As well as simultaneous interpretation, there is also “consecutive” interpretation, where, for example, at a press conference the speaker will make a short statement, then the interpreter will jump in, then back and forth.

A third kind of interpreting is “liaison” interpreting, where an interpreter sits behind a government leader, interpreting in a low voice into their ear as the other diplomat speaks.

UN interpreters always interpret into their mother tongue, apart from the Arabic and Chinese booths, which also interpret into English or French due to the lack of qualified native interpreters.

Staying out of it

As chief of the “English booth” at UN Geneva, with training as part of her duties, Edgington is bringing more young women and men to her profession. Selected students who have already earned a Masters in Interpretation come to Geneva for a few days or weeks to practise in the “dummy booth” and gain experience with UN jargon and delivery.

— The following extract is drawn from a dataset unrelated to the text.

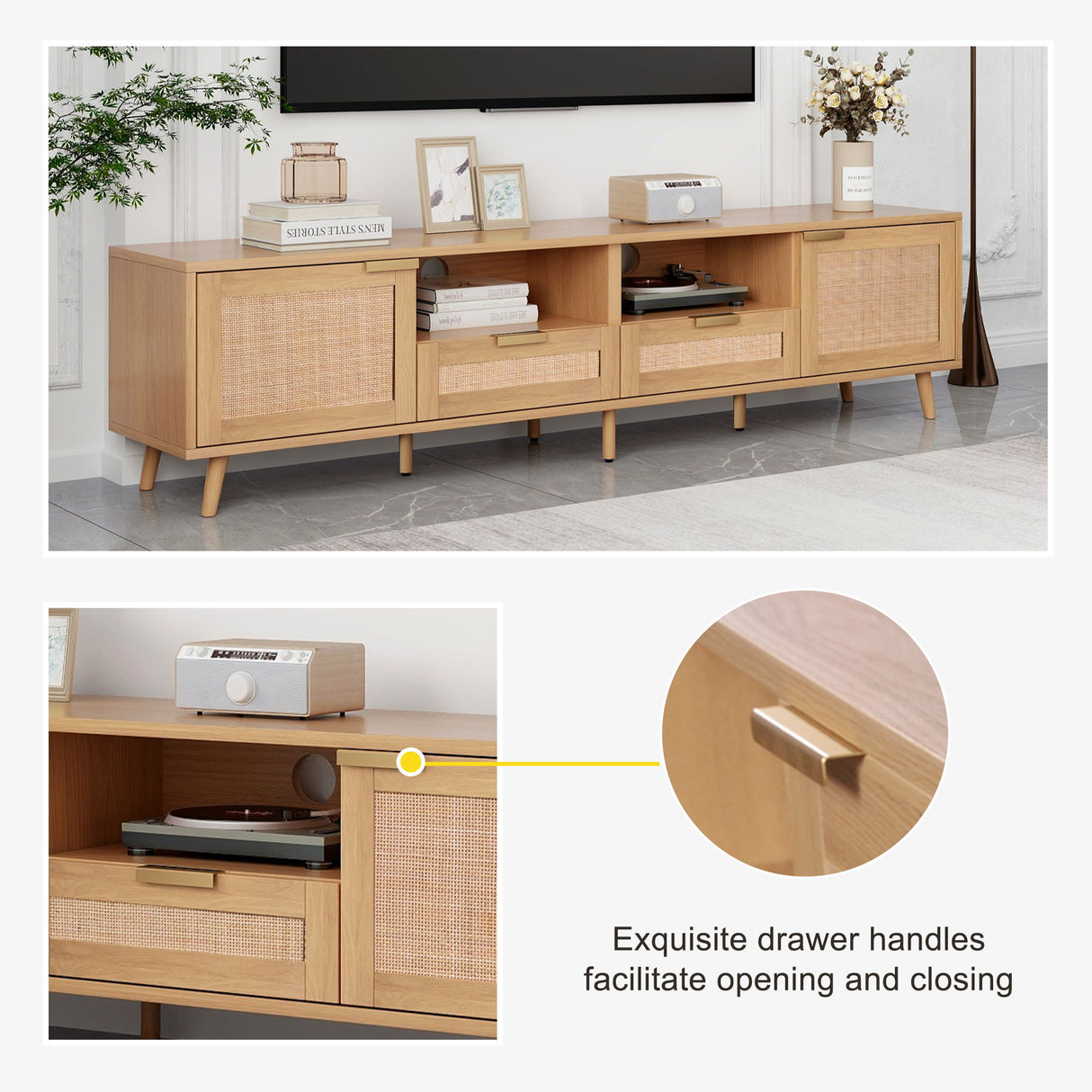 TV Stand, Media Console With Cable Management
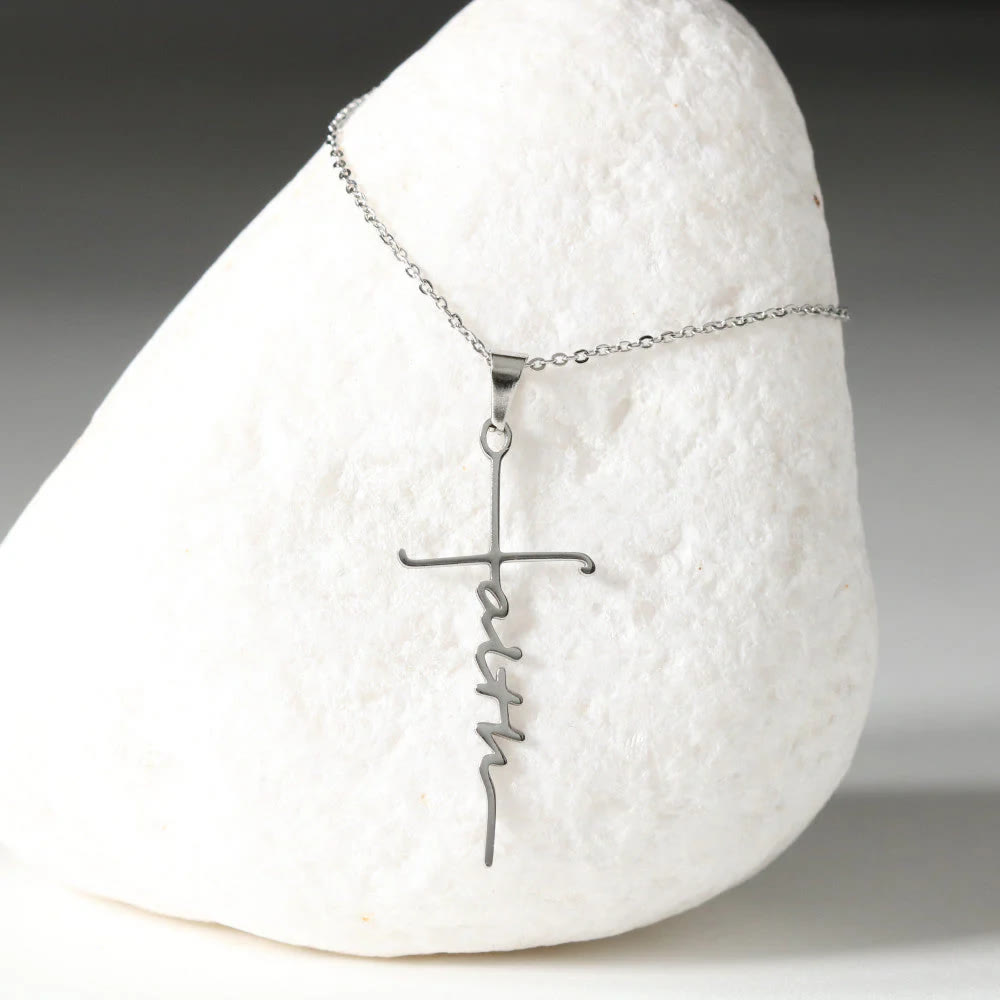 Christianartworkshop Elegant Scripted Faith Cross: Gentle Belief Charm & Daily Wear Jewelry - image 1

Neil Cumming, 24, is the youngest UN staff interpreter in Geneva. Originally from Britain, he interprets from French and Russian into English. One of the most challenging requirements of his work is to remain absolutely objective. “You have your own opinion, but you’re here to do the job”, he says. “And part of the point of this place is that everyone gets to have their say”.

What else makes a good interpreter? Edgington says it is important to “have a core of confidence,” and “be a “pragmatic perfectionist”.

Voitenkov notes that coping with stress is important, “especially conferences in the field, which could last two weeks for many hours a day”. Interpreters also have to be “engaged intellectually” in world affairs, says the Russian, who began his interpreting career in Moscow and joined the UN in 1979.

Edgington says that she and her colleagues constantly read the world press, and research relevant topics before meetings. “All the work done outside the booth” is hugely important, she says.

And outside the booth is where you have to leave your ego, because interpreting well “means being invisible,” says Rebecca Edgington. “The idea is to not be a part of history.”

The world’s presidents, prime ministers, kings, queens and diplomats who depend upon her and her colleagues might disagree.